Ecstasy production soaring, police say after 4 sentenced
Date: Friday, February 29 @ 20:26:45 PST
Topic: Enforcement


After a Richmond judge handed down record sentences to four ecstasy producers this week, police said the volume of the drug being made at clandestine labs is skyrocketing.

The total number of B.C.-made ecstasy pills seized by U.S. border officials grew from just 40,000 in 2003 to 2.2 million in the first nine months of 2007, RCMP Insp. Brian Cantera said Tuesday.

"What we are seeing is a large number of unregulated chemicals and precursors from all other parts of the world, more than we have ever seen in the past."

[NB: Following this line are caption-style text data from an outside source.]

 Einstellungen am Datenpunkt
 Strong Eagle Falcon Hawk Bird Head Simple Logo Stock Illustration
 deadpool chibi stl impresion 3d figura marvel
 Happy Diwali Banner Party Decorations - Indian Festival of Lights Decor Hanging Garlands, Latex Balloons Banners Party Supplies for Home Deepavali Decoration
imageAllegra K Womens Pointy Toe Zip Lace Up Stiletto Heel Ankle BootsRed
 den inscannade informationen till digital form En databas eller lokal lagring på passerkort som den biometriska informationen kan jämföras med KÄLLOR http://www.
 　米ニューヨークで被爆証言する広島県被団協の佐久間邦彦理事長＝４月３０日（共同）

Investigators were pleased a Richmond judge sentenced four members of an organized crime group Monday to jail terms ranging from four to eight years for producing ecstasy in one of the biggest synthetic drug labs ever uncovered in Canada, RCMP Cpl. Norm Massie said.

Two labs were uncovered in a massive probe by the Waterfront Joint Forces Operation, which began in September 2005 when a Transport Canada dangerous goods inspector became curious about a shipment of 600 kilograms of sodium borohydride -- one of the ecstasy precursor chemicals -- at Deltaport.

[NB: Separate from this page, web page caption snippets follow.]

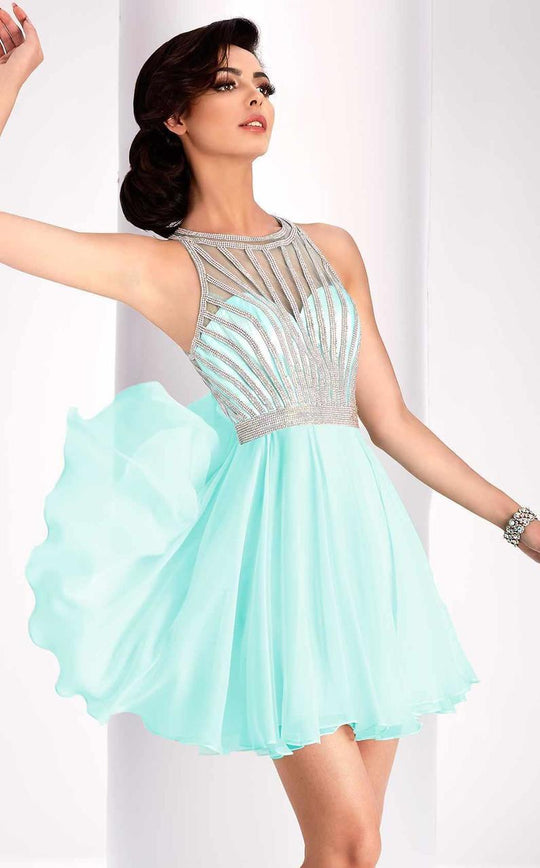 Clarisse - s3068 Jeweled Illusion Halter A-line Dress in Green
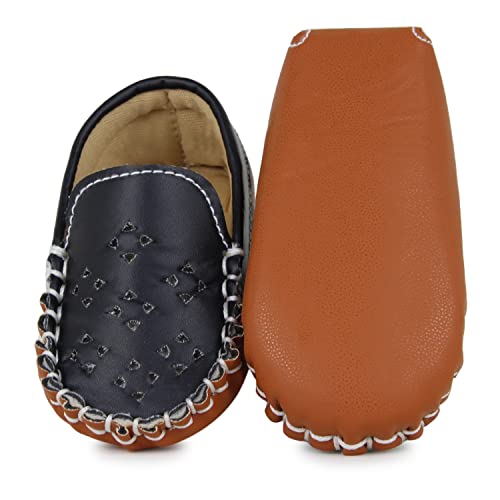 Neska Moda 6 To 12 Months Baby Boys Synthetic Leather Loafer Booties (Black,Brown)-BT1286 - Image 5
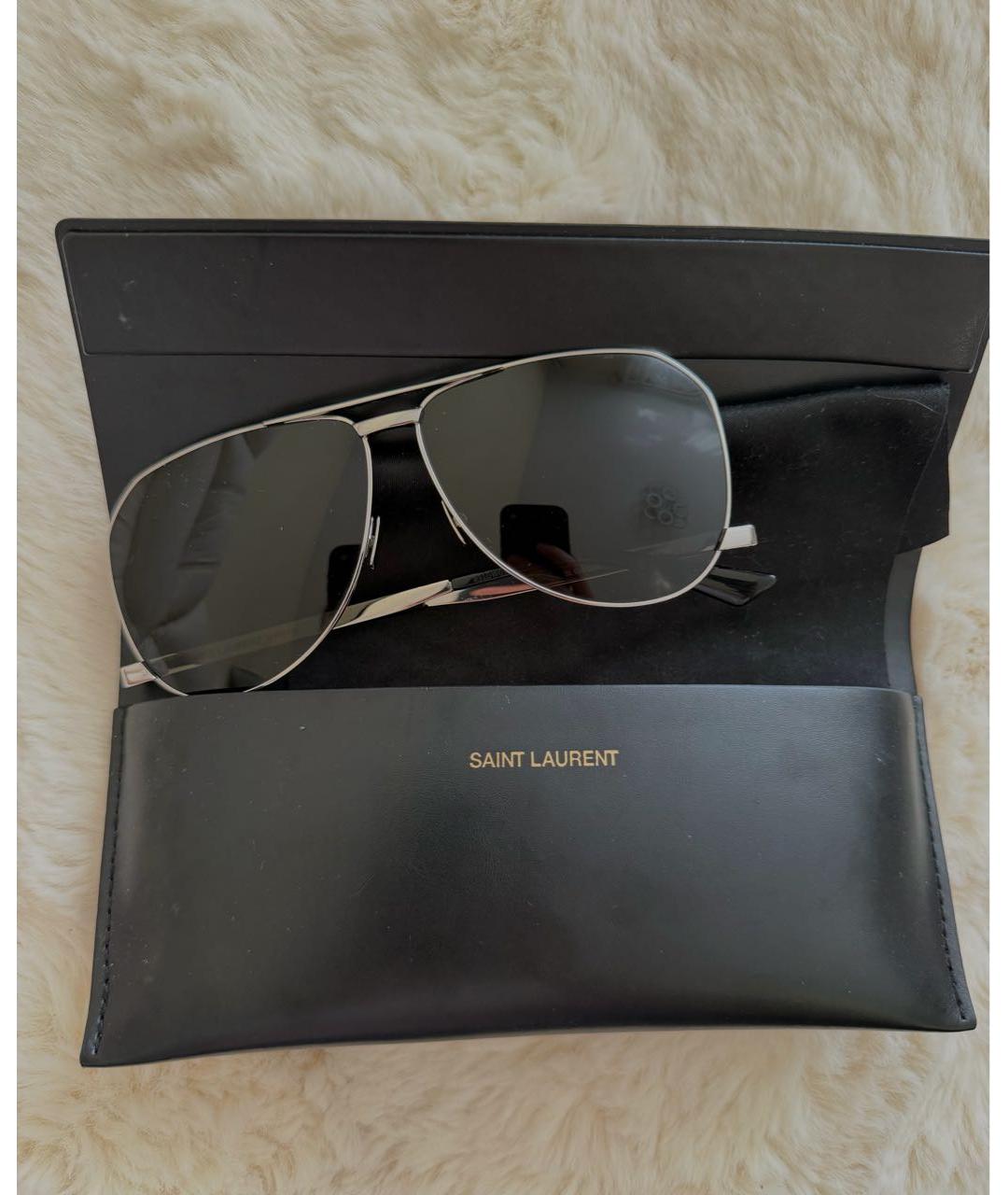 SAINT LAURENT Черные металлические солнцезащитные очки, фото 3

The subsequent busts yielded 200 kilograms of liquid ecstasy from a home at 6651 No. 5 Rd. and "significant" quantities of chemicals from a residence at 5111 Steveston Hwy.

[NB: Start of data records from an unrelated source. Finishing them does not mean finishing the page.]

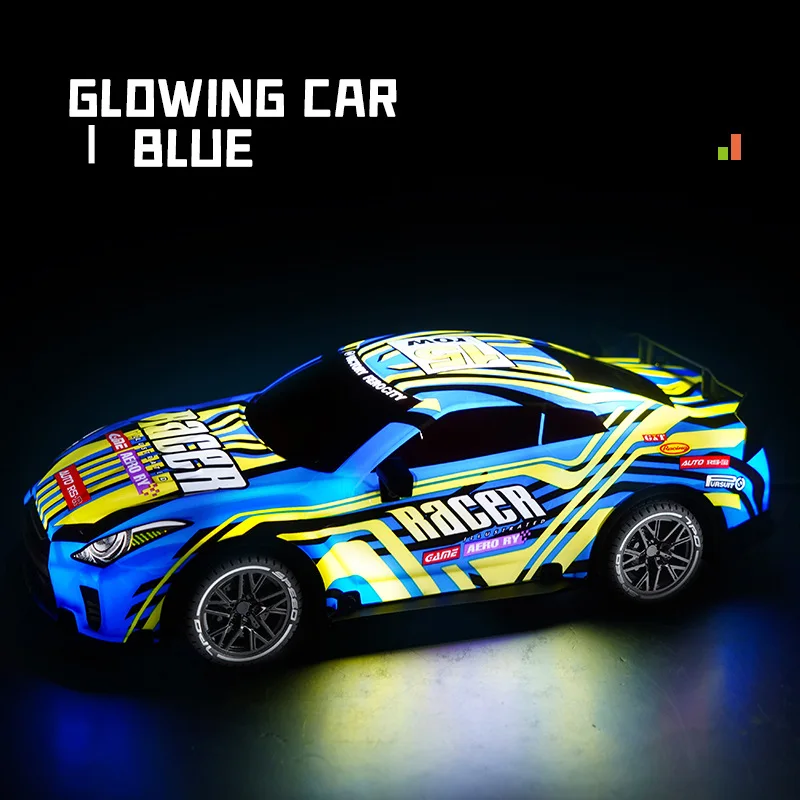 Coche RC en acción con luces LED
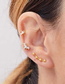 Fashion Single Gold-purple Diamond Metal Diamond Geometric Piercing Stud Earrings (single)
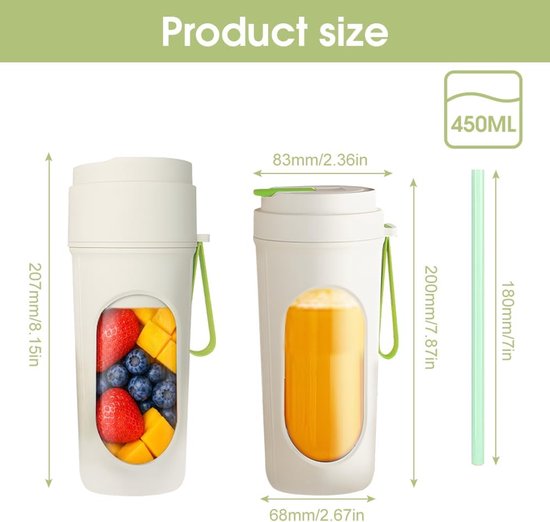 mixer voor smoothie, 450 ml blender smoothie maker to go mini mixer to go USB oplaadbare mini blender met dubbele beker deksel 12 messen persoonlijke blender voor reizen, kantoor — afbeelding 5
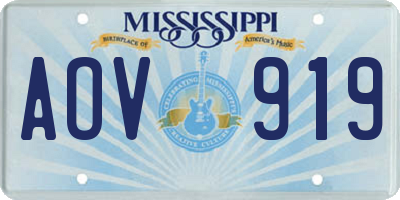 MS license plate AOV919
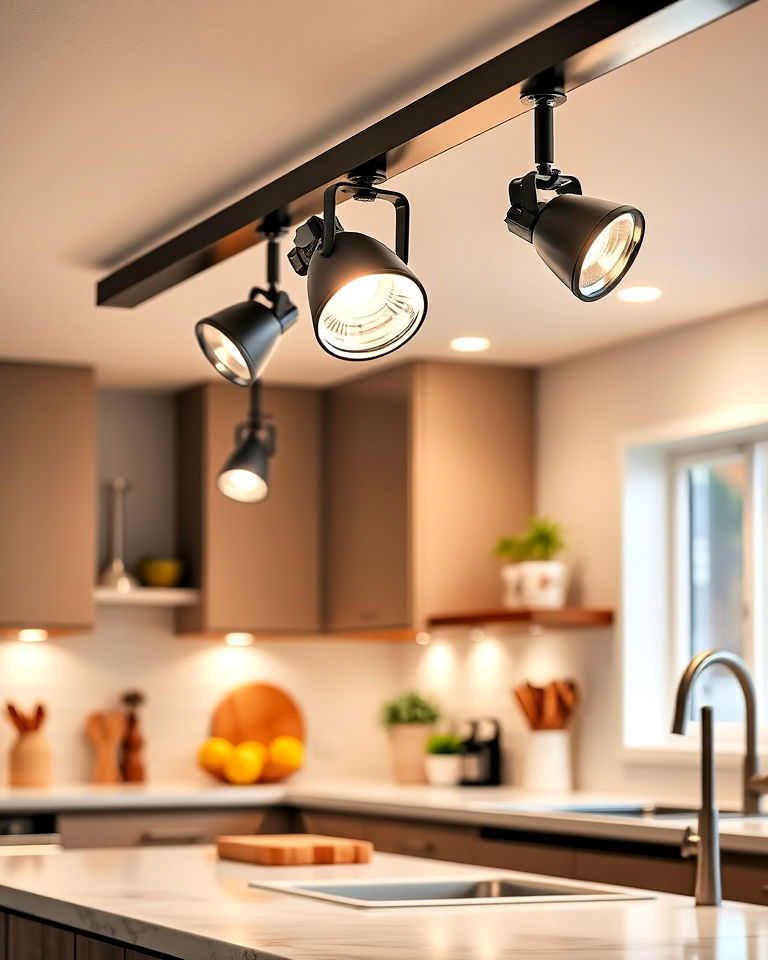 install adjustable led spotlights - 20 Kitchen Track Lighting Ideas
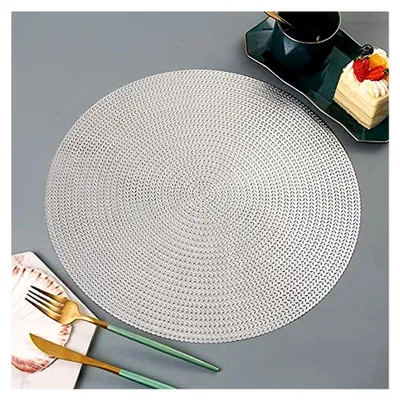 Produktbild von 4er Set PVC Tischsets - Hohl, Hitzebeständig, Rutschfest, Rund, Weizen-Dekor für die Wohnküche
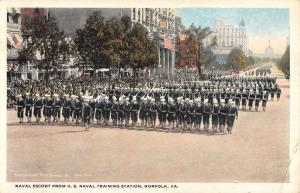 Norfolk Virginia Naval Training Station Escort Scene Antique Postcard K88570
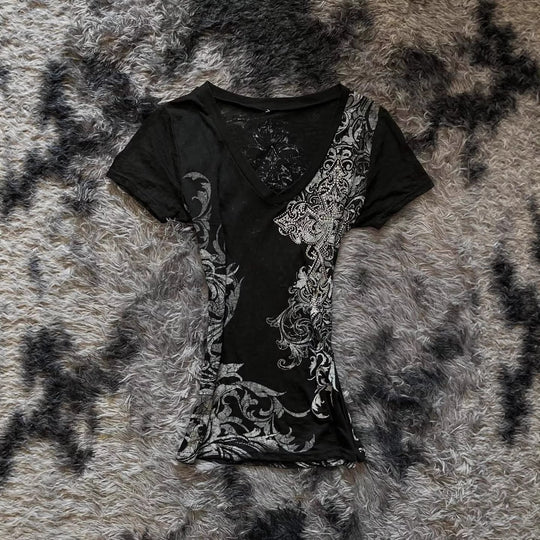 Damen Elegantes V-Ausschnitt T-Shirt mit kunstvollem Design R&B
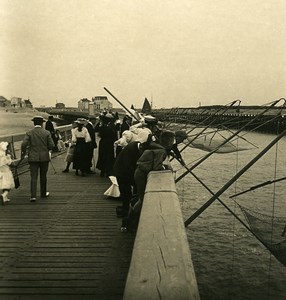 Belgium Blankenberge Fishing on the Jetty Old NPG Stereoview Photo 1900's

Patrick Dan Chang, 34, found to have imported the chemicals from China, was convicted on two counts of production of a controlled substance, as well as conspiracy to commit an indictable offence. He got eight years, with almost five years credit for time served.

Tik Sheun Dison Ngai, 32, received five years behind bars, while 51-year-old Kai Ming Fung and Ka Wah Chan, 47, received four-year sentences.

Massie said a huge quantity of ecstasy was prevented from hitting the streets.

"Ecstasy is a drug that is really designed to target young people," he said. "The larger the quantity, the greater the harm to the community."

A fifth accused, realtor Albert Wai Ming Luk, was acquitted in January.

"The dismantling of the two drug labs represented one of the largest organized crime disruptions of synthetic labs in Canadian history," Massie said. The volume of precursor chemicals at the Richmond sites could have yielded 15 million pills.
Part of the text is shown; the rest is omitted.